I personally run 25 rear 23 front on tubeless tyres. A good ball park figure to start I'd suggest would be 35 rear 33 front and go for a ride - pinging of rocks? front tyre washout? go down a couple of PSI - feels sluggish? go up a couple. I'd also recommend a decent digital pressure gauge too, the ones on most pumps are gash.


----------



## LincsBlue (1 Oct 2016)

Motozulu said:


> Almost an impossible question to answer - depends on riding style, terrain, bike, tubed? tubeless?, rider weight etc etc.
> 
> I personally run 25 rear 23 front on tubeless tyres. A good ball park figure to start I'd suggest would be 35 rear 33 front and go for a ride - pinging of rocks? front tyre washout? go down a couple of PSI - feels sluggish? go up a couple. I'd also recommend a decent digital pressure gauge too, the ones on most pumps are gash.



The terrain is a bit mixed by the sounds of it as the route isnt released til the day as part of it is on private land as presumably they want to stop anyone having a practice run although there's plenty of farm tracks to contend with.
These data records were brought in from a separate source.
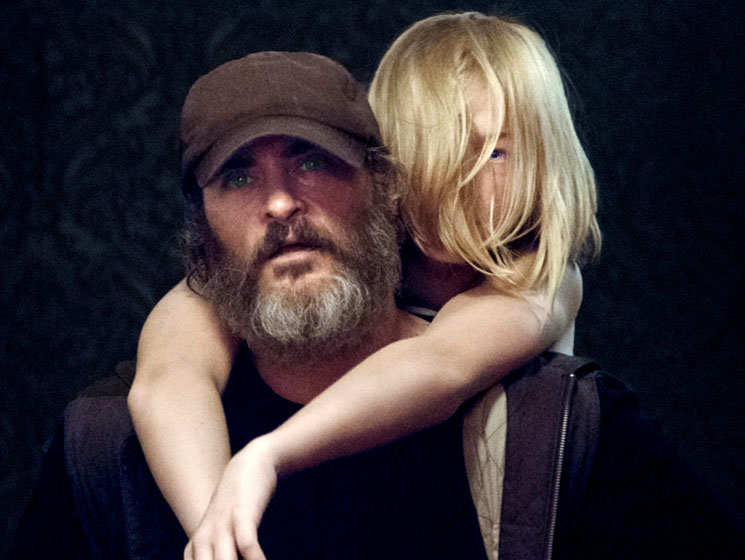 'You Were Never Really Here' Director Lynne Ramsay Uses Limited Time and Budget to Her Storytelling Advantage 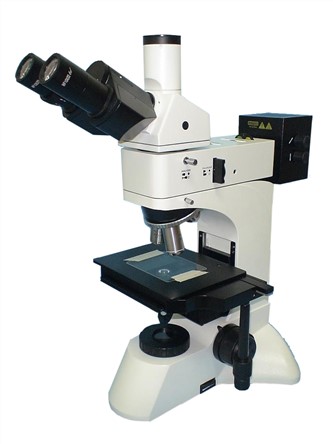 HW-3008BD明暗視野無限遠金相顯微鏡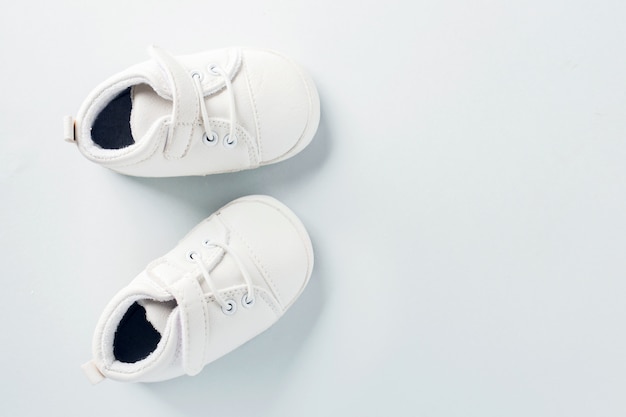 Kleine baby schoenen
I have a Trail 4 with tubed WTB Beeline's and I'm about 12 stone 5. This is the first time I've done anything like this site don't fancy making an arse of myself! Oh I have a Topeak D2 which I think is pretty much recommended by most. Thanks for the advice, appreciated.


----------



## Motozulu (2 Oct 2016)

12.5 stone? I'd say anything over 30psi would be too hard then for you, you'll compromise grip especially this time of year where everything is wet/muddy. I'd seriously go 30 rear and 28 front at that weight.


----------



## LincsBlue (2 Oct 2016)

Motozulu said:


> 12.5 stone? I'd say anything over 30psi would be too hard then for you, you'll compromise grip especially this time of year where everything is wet/muddy. I'd seriously go 30 rear and 28 front at that weight.



Cheers, I actually took some air out today as I was bouncing off every rut there was. Also note to self that WTB Beeline's are useless in muddy conditions but it added to the fun.


----------



## NeilnrLincoln (3 Oct 2016)

How did you get on? I did the Viking with my two teenage lads. It was a bit muddy & slippery wasn't it.


----------



## LincsBlue (3 Oct 2016)

NeilnrLincoln said:


> How did you get on? I did the Viking with my two teenage lads. It was a bit muddy & slippery wasn't it.


Thoroughly enjoyed it, did the long route in 3 hours 50 and I'll take half an hour off that for the 4 cake and pork pie stops  Bike encased in mud as well as myself and managed to fall off only the once! I believe some didn't make it to the end because of damaged bikes and it was definitely a bit hairy in places. Got the bug for it now so might have to do the Dorking Gravel Grinder.


----------



## NeilnrLincoln (4 Oct 2016)

You did it quicker than me. I managed one fall too going up the 1st big hill. Both my lads bikes had trouble with the chains throwing off because of the mud, cracking day though.
Its the Caythorpe chase in a couple of weeks, not far from where the Viking was held. Might have a go at that.


----------



## LincsBlue (4 Oct 2016)

NeilnrLincoln said:


> You did it quicker than me. I managed one fall too going up the 1st big hill. Both my lads bikes had trouble with the chains throwing off because of the mud, cracking day though.
> Its the Caythorpe chase in a couple of weeks, not far from where the Viking was held. Might have a go at that.


Some of those hills were ridiculously muddy and only walkable. I was in the second group to start and it was well cut up in places by the time we went through so dread to think what it was like for late starters. Still buzzing from it if I'm honest, only been cycling a couple of months so definitely caught the bug to do more. Just had a look at the Caythorpe Chase, errrm can resist it


----------